Nous n’avons plus qu’une observation à faire. Elle est capitale. Le conseil des prud’hommes pourra-t-il asssurer l’exécution de l’arrêté qu’il vient de prendre. Il nous semble qu’une lacune existe. Il serait facile de la remplir.
Puisqu’il est admis en principe que la tirelle est due, il ne doit pas être permis à un négociant de se soustraire à l’obligation de la donner. Toute convention qui l’en affranchirait, doit être réputée non écrite, et un blâme sévère, infligé à ceux qui, par des voies détournées, chercheraient à enfreindre cette disposition qui a aujourd’hui une sanction légale comme auparavant elle en avait une morale.

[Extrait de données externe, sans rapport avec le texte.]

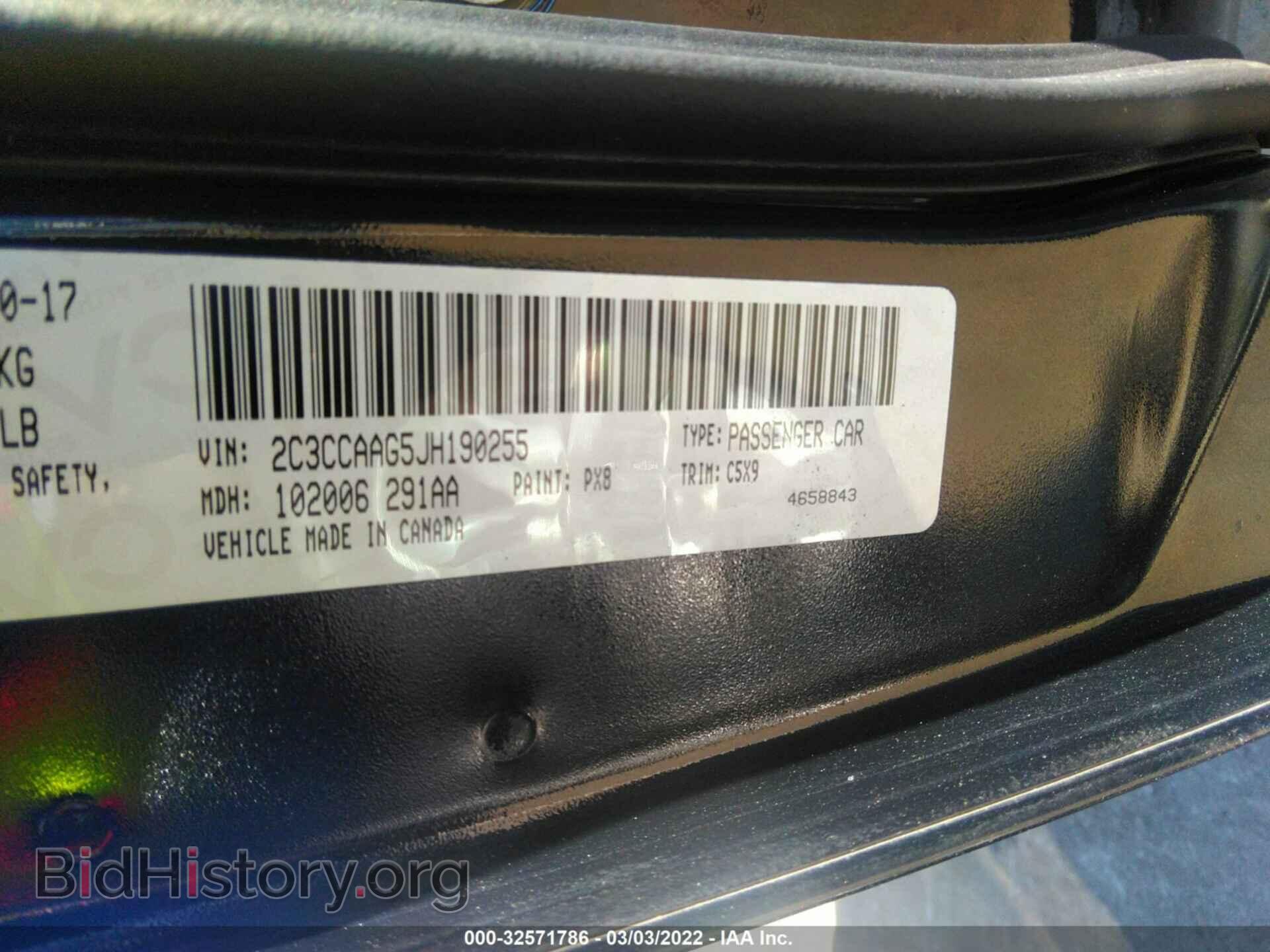 2018 CHRYSLER 300 - VIN: 2C3CCAAG5JH190255 - Фото 9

Que le conseil des prud’hommes ne s’arrête donc pas dans la voie de justice où il est entré. On lui disait qu’il n’avait pas le droit de statuer par voie réglementaire et que cela était défendu aux juges sous peine de forfaiture. Nous avons été traités d’hommes anarchiques pour avoir soutenu le contraire, pour avoir dit que puisqu’il n’existait pas de code ouvrier, c’était au conseil des prud’hommes à le formuler. Nous n’avons pas été compris sans doute, parce que nous n’avons pas eu le talent nécessaire pour convaincre nos adversaires ; aussi avons-nous été seuls de notre avis, le Censeur, lui-même, en a émis un contraire… Et voilà que le conseil des prud’hommes nous donne raison et proclame vraie notre théorie et la met en pratique. Ainsi tout vient à point à qui sait attendre, Nous avons sujet de nous en réjouir, puisque dans le triomphe de l’intérêt de la classe ouvrière, nous y trouvons la consécration de nos doctrines. Le conseil des prud’hommes en prenant une délibération, pour établir en règle générale que la tirelle est due, a fait ce que nous lui demandions, il a fait de la jurisprudence fixe ; rien n’empêche qu’il ne continue et statue ainsi par voie réglementaire sur toutes les questions de la fabrique. Le recueil de ses arrêtés livrés à la publicité par la voie du journal, formera le code ouvrier que la fabrique sollicite depuis si long-temps. L’avantage sera incalculable. En effet, l’absence de lois autorise beaucoup de gens à [2.1]ne suivre que les inspirations qui leur sont personnelles ; mais la loi promulguée, le nombre de ceux qui s’y soumettent est toujours beaucoup plus grand que le nombre de ceux qui se révoltent contr’elle. Nous augurons assez bien des sentimens patriotiques et éclairés de la classe des négocians pour être convaincus que la grande majorité, quelque répugnance qu’elle puisse avoir, quelque préjudice que cela puisse lui causer, se soumettra aux décisions du conseil des prud’hommes, pourvu que ce tribunal sache les maintenir strictement ; car on le sent, il ne serait pas juste que la soumission de quelques-uns fût une occasion de bénéfice illicite pour quelques autres.